(Information shown)
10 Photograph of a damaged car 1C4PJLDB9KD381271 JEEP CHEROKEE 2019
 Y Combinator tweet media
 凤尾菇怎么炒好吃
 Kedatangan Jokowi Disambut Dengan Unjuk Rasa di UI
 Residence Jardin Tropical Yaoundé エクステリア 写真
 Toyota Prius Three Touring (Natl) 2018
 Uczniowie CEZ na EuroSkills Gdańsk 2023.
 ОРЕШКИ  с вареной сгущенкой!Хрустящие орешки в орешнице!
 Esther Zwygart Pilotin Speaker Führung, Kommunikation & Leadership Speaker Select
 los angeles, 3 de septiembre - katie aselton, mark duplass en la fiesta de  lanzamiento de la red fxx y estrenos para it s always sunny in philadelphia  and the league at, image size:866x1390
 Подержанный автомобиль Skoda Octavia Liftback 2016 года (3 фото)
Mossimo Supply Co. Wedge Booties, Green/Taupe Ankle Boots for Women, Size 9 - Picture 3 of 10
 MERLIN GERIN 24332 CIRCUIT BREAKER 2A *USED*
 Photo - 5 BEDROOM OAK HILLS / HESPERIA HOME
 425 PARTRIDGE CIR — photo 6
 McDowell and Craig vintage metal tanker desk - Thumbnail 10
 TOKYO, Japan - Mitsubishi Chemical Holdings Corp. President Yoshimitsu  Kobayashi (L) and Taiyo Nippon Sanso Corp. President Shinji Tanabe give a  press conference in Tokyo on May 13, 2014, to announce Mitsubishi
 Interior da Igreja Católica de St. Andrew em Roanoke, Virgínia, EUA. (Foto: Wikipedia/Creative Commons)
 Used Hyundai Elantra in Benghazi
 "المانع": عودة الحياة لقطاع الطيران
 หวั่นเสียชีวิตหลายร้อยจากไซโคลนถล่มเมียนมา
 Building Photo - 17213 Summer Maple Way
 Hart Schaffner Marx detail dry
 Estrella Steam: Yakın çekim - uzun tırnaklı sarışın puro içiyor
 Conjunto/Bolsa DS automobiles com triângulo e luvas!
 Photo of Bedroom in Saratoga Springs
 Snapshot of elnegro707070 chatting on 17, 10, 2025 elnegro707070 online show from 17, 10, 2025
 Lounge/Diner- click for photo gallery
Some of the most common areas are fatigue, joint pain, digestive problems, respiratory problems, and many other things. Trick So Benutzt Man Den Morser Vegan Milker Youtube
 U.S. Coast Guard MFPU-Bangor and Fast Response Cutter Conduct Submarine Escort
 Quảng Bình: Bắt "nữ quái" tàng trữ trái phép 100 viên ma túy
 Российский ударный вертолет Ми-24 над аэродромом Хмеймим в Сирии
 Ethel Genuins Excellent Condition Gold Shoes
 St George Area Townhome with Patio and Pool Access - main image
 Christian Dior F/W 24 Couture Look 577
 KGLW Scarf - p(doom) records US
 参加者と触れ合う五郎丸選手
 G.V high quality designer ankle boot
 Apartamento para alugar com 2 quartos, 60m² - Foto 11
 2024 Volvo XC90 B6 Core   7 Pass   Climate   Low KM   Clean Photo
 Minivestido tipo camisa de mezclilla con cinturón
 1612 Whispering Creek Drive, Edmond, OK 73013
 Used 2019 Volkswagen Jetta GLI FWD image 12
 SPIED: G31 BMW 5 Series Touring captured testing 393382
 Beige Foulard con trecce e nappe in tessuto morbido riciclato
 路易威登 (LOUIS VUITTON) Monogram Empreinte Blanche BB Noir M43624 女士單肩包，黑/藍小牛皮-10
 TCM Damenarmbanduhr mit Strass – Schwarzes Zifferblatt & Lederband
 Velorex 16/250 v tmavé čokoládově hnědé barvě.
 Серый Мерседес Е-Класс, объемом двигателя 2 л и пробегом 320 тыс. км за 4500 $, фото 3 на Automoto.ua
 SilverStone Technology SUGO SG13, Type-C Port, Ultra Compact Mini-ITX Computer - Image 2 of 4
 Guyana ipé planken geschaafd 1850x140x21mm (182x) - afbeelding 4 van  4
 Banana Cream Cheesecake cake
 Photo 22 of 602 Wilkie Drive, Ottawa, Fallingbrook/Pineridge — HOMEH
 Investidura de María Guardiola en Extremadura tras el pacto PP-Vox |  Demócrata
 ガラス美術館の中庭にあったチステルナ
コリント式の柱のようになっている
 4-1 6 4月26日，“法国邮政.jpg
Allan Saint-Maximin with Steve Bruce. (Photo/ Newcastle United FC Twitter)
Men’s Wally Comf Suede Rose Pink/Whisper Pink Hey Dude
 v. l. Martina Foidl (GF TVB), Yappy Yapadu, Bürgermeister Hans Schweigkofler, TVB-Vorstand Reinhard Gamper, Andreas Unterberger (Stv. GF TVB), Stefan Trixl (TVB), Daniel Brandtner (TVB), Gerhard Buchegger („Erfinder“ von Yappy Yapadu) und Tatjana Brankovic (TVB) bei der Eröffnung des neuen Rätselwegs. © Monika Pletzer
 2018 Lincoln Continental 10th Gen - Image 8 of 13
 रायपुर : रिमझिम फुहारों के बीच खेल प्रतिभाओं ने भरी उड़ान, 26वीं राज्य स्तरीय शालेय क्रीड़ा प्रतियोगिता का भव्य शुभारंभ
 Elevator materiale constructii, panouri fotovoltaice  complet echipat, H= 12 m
(End Information shown)
## Task details:
Copy out each line of the data above, exactly, if it lies between the line holding "参加者と触れ合う五郎丸選手" and the line holding "1612 Whispering Creek", inclusive; copy no other line.

## Exercise answer:
 参加者と触れ合う五郎丸選手
 G.V high quality designer ankle boot
 Apartamento para alugar com 2 quartos, 60m² - Foto 11
 2024 Volvo XC90 B6 Core   7 Pass   Climate   Low KM   Clean Photo
 Minivestido tipo camisa de mezclilla con cinturón
 1612 Whispering Creek Drive, Edmond, OK 73013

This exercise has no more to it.